Patterns of Emotion
Hi Team. The S&P 500 hit one record high after another this year and is heading to a 25% gain in 2024, marking the strongest consecutive annual performance since the late 1990s dot-com era.
Let’s review last week’s highlights and discuss what’s ahead as we head into the final week of the year!
Impact Snapshot
New Year’s Holiday - Wednesday
Unemployment Claims - Thursday
ISM Manufacturing PMI - Friday
Macro Viewpoint
The S&P 500 managed to sidestep a third consecutive weekly decline, gaining 0.7% and boosting its year-to-date increase to 25% with just two trading sessions left in 2024.
Friday saw a pullback in stocks due to profit-taking and uncertainty over how markets might perform in January.
Holiday retail sales exceeded expectations, outpacing last year’s growth rate and highlighting consumer resilience.
Investors will gain new insights into the U.S. economy's health when the monthly employment report is released on Jan. 10.
The market’s momentum will face further scrutiny as U.S. companies begin reporting fourth-quarter earnings shortly thereafter.
Next week's economic calendar will feature the Institute for Supply Management and S&P Global's US manufacturing sector data for December. Markets will be closed Wednesday for New Year's Day.
Emotion-Driven Trades
The following article highlights how correlated markets are to human emotions and how this is communicated through the charts.
When the market breaks away, it will leave a series of single prints. That’s when a single letter is printed on a market profile. (Unfilled single print areas are in gray.)
During our market report on the 19th, right after the extreme emotional FOMC break, we highlighted— as shown in the attached picture above— that it would be highly unusual for the market not to return and fill those areas in.
For the next five trading sessions, the market did nothing but follow the exact quote we shared, with buyers finding a massive opportunity to retrace the entire move—over 200 points— all the way back to fill those single prints.
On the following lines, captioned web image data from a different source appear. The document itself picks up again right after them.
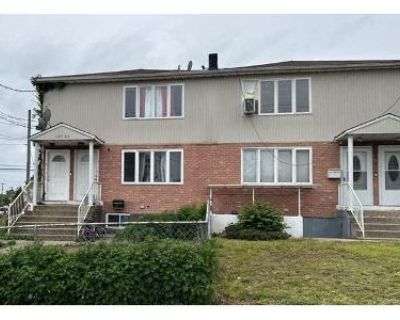 6 Bed 5 Bath Foreclosure Property in Springfield Gardens, NY 11413 - 222nd St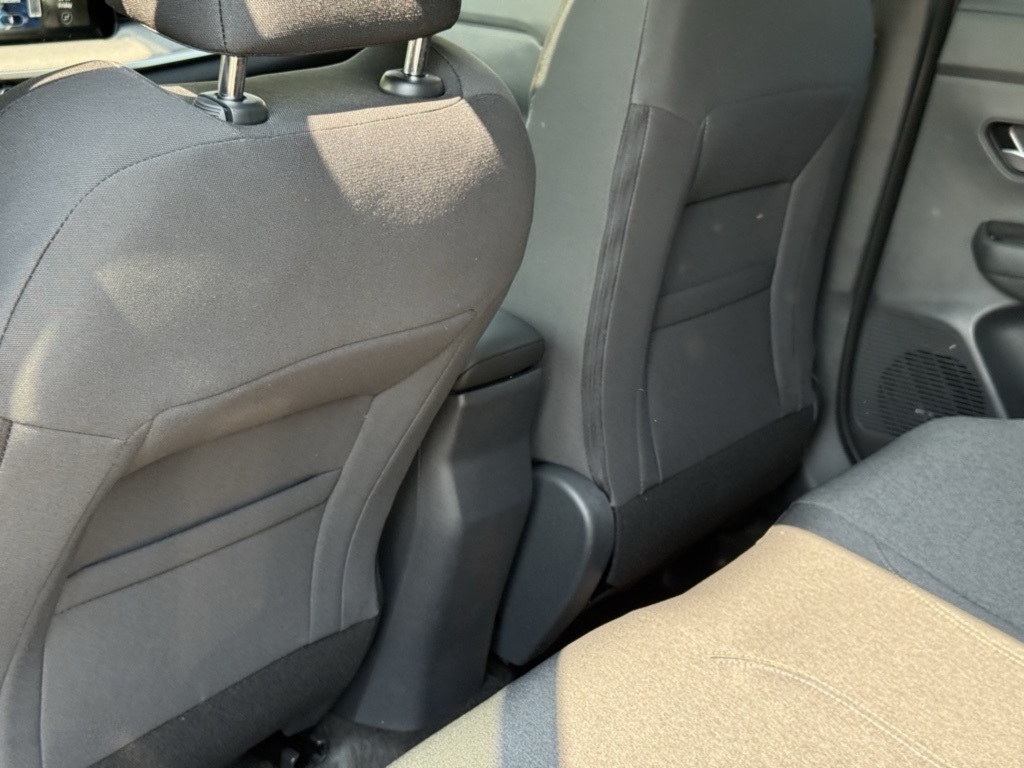 2025 Nissan Kicks SV photo 25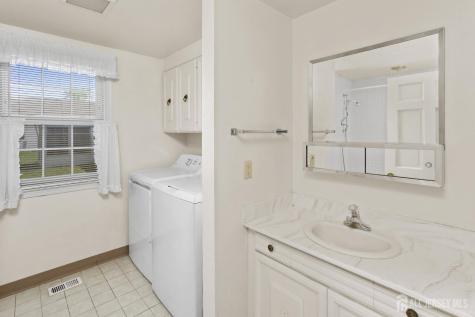 27 Bradford Lane Monroe NJ 08831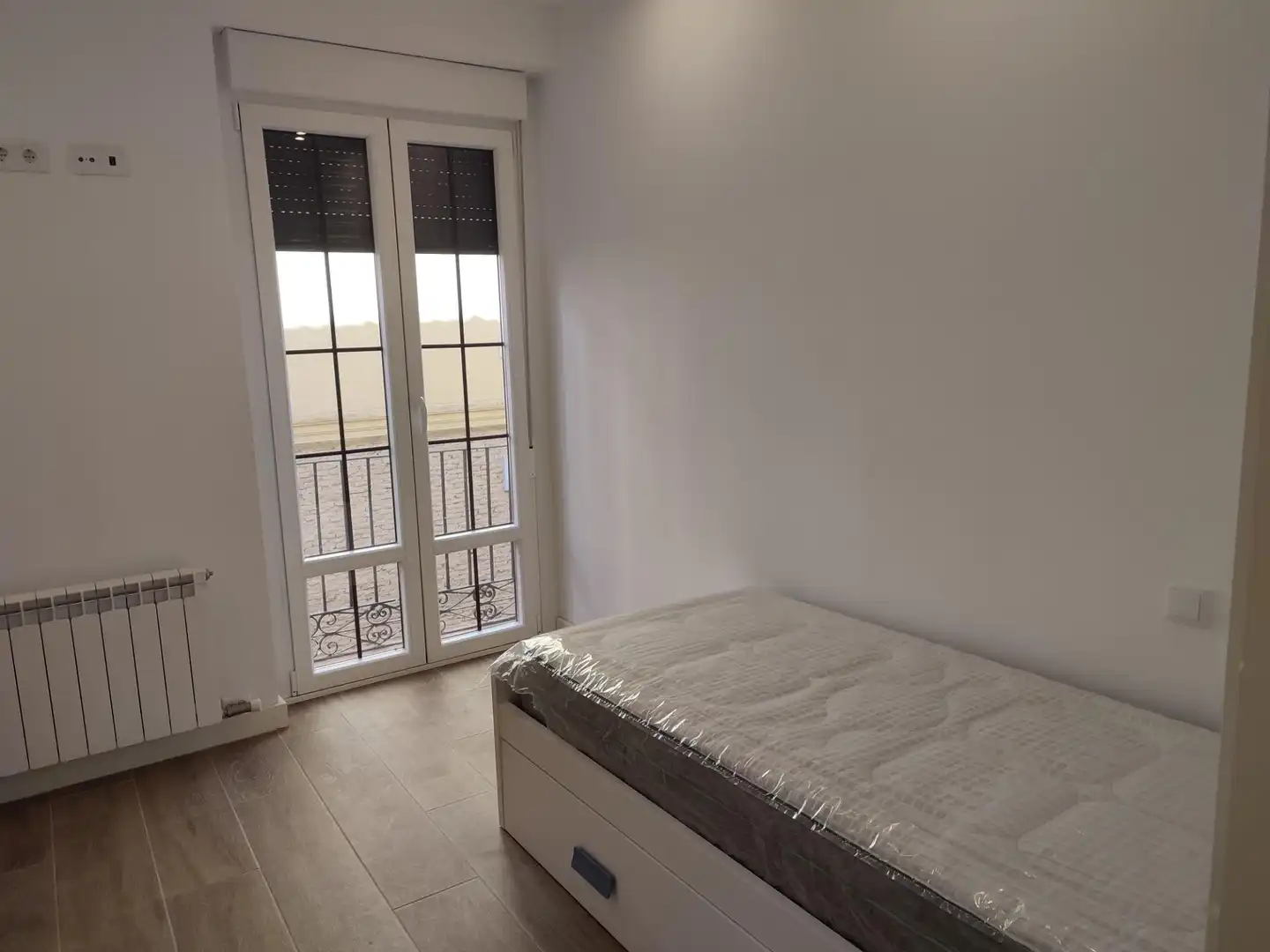 Bedroom of Flat for sale in Zaragoza  with Air Conditioner, Heating and Furnished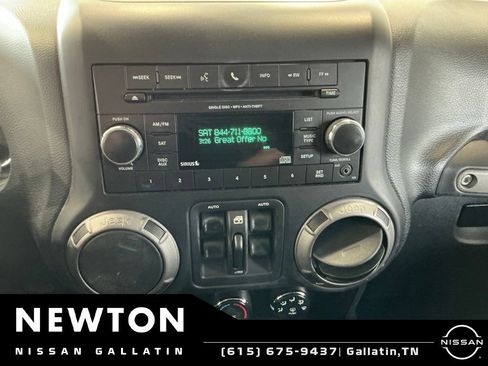 Used 2017 Jeep Wrangler Unlimited Sport w/ Quick Order Package 24S AWD/4WD image 39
A trader who is confident that the market is under- or overvalued is more likely to take a position and hold it than a trader who is uncertain about value.
A significant number of single prints indicates an emotional market and uncertainty. Markets truly communicate human emotions. Since markets are comprised of people, it stands to reason that they reflect human behaviour patterns.
Think about it—when we are emotionally affected, we don’t quite make our best decisions, right?